Похоже, вначале власти что-то проглядели: ведь туризм в Союзе - заменитель свободы, и трудно посадить по стукачу у каждого костра. Но в 1959 году в Варшаве состоялся очередной международный конгресс эсперантистов, посвященный столетию Л.Заменгофа, уроженца Польши. Пригласили коллег из страны победившего социализма. И тут им официально ответили: в СССР нет и никогда не было никаких-таких эсперантистов. "Может, и фестиваля 1957 года тоже не было?" - спросили мы.

Настырный народ эти поляки. Похоже, от них и впрямь придет погибель всему соцлагерю. Я и сам стал жертвой их коварства. Когда в 1961 году из Союза в Польшу отправлялся "поезд мира", меня, рядового проектировщика из "Гипротиса", включили туда, как мне потом признались в райкоме, "по просьбе польских товарищей". А когда я приехал во Вроцлав, в мае 1961 года, где состоялся очередной Всепольский конгресс эсперантистов, меня просто умыкнули из группы; начальство же поставлено было перед выбором - либо оно благословляет мое участие в конгрессе, либо будет скандал.

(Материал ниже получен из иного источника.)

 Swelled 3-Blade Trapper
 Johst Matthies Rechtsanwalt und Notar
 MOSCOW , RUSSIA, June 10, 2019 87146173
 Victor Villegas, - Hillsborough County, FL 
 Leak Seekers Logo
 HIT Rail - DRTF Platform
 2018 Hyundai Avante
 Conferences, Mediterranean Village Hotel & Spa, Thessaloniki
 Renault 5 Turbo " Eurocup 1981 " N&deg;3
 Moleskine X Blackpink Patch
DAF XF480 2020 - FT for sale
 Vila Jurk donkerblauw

Начальство молча согласилось. Я участвовал в грандиозном митинге во вроцлавском Доме радио. А поляки выдавали меня, простого инженера, чуть ли не за официального представителя Союза. А потом, уже в тесном кругу, говорили откровенно о том, как душит их этот самый Союз и спрашивали, почему ЦК комсомола не приглашает их, представляющих TEJO, международную ассоциацию молодых эсперантистов, на всякие там форумы в Москве.

В самом деле - почему? Я не знал и обещал узнать в ЦК и КМО, комитете международных организаций. Когда я пришел в этот комитет на улице Богдана Хмельницкого в Москве, там меня, оказывается, уже ждали. Позвали "товарищей из ЦК" и попросили рассказать (а затем - написать), как это враги сумели меня запутать и затащить в свои сети.

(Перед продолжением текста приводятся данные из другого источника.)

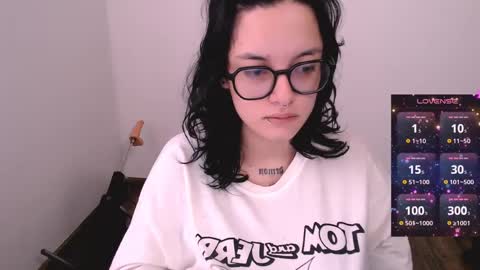 Gaby 3 online show from 04-07-26, 02:39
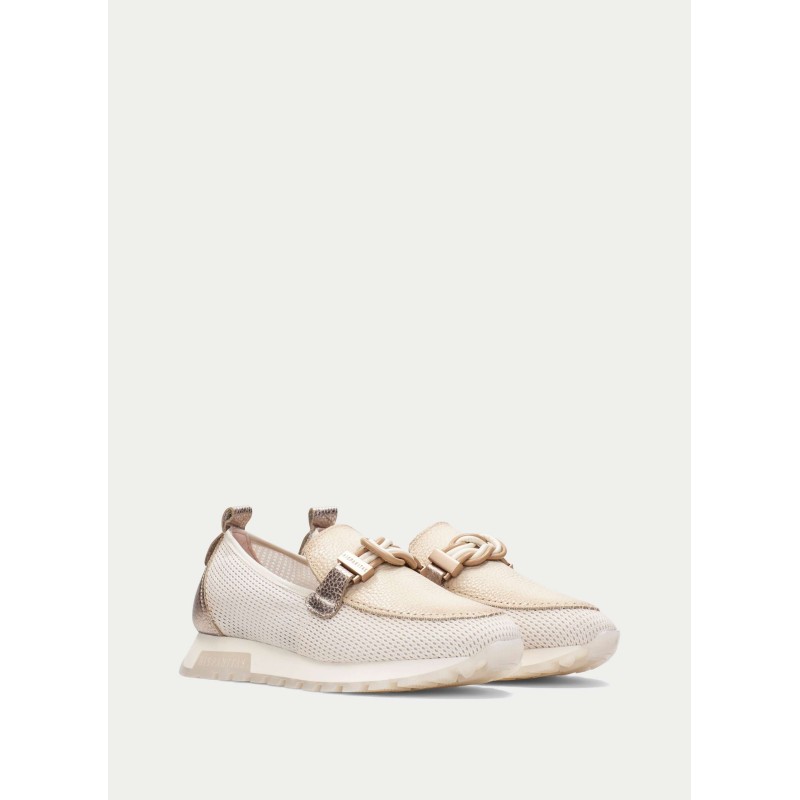 MIOCASIN ADORNO NUDO PANNA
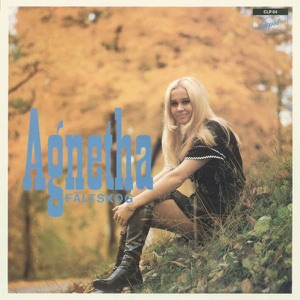 Hoes van Agnetha Fältskog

"Какие враги? Польские товарищи просили узнать, почему их не приглашают на форум молодежи в Москве?"

"Так мы же их организацию не признаем", - вырвалось у одного из цекистов.

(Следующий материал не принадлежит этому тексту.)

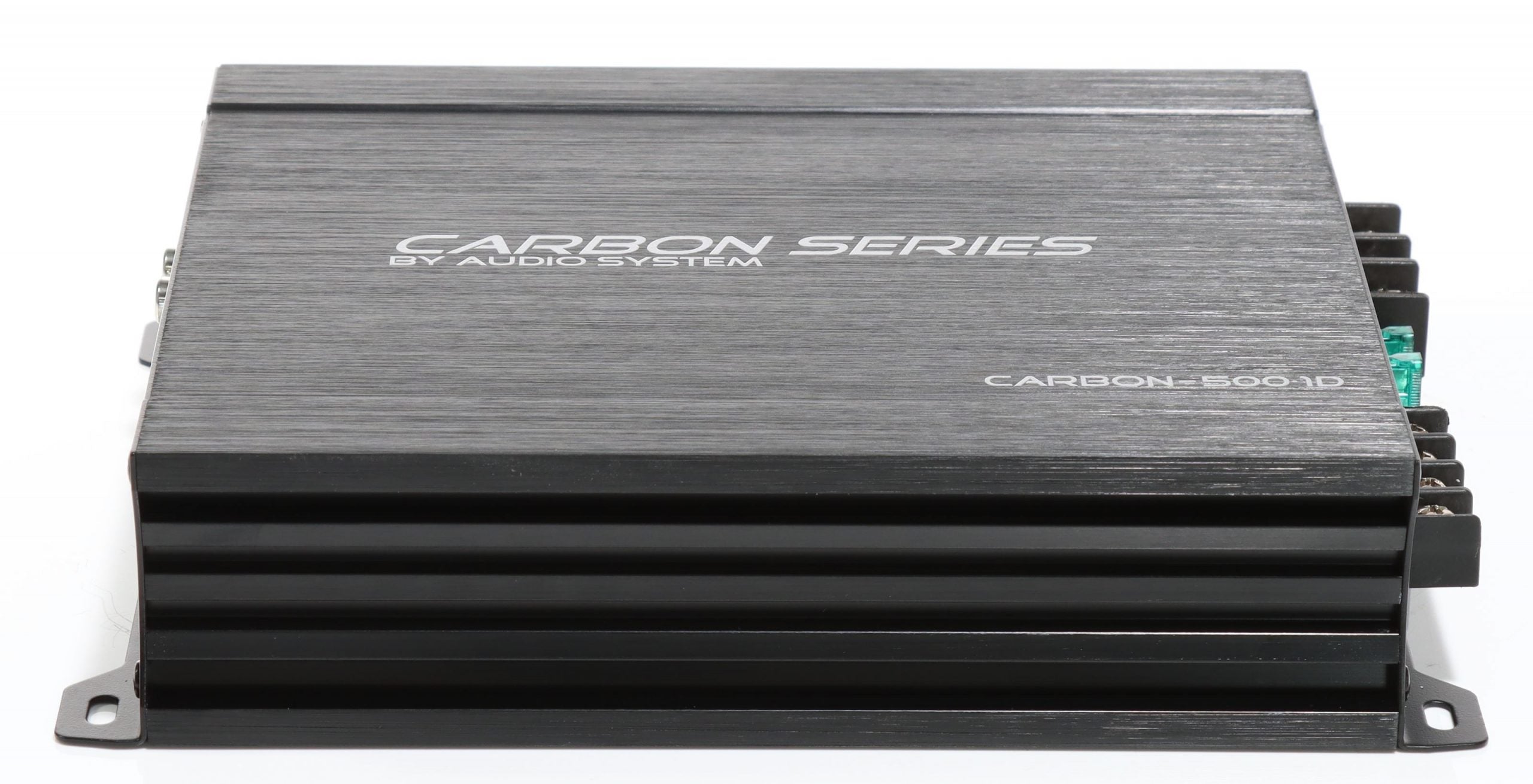 Audio System CARBON-500.1 Carbon Series Mono 500w Amplifier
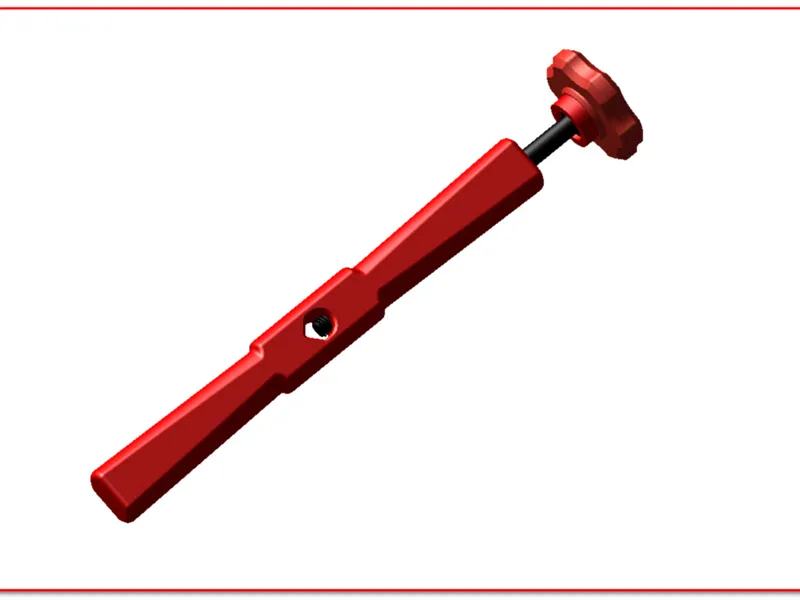 Small Tap Handle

"Вот это я им и передам. А то непонятно".

"Тут начался скандал, который длился целый месяц, пока я связывался с Варшавой и Роттердамом, где находится Универсальная ассоциация эсперантистов. В конце ЦК принял соломоново решение: TEJO не признавать, а нас, москвичей, допустить на форум как наблюдателей этой непризнанной организации. Это была хоть небольшая, но победа.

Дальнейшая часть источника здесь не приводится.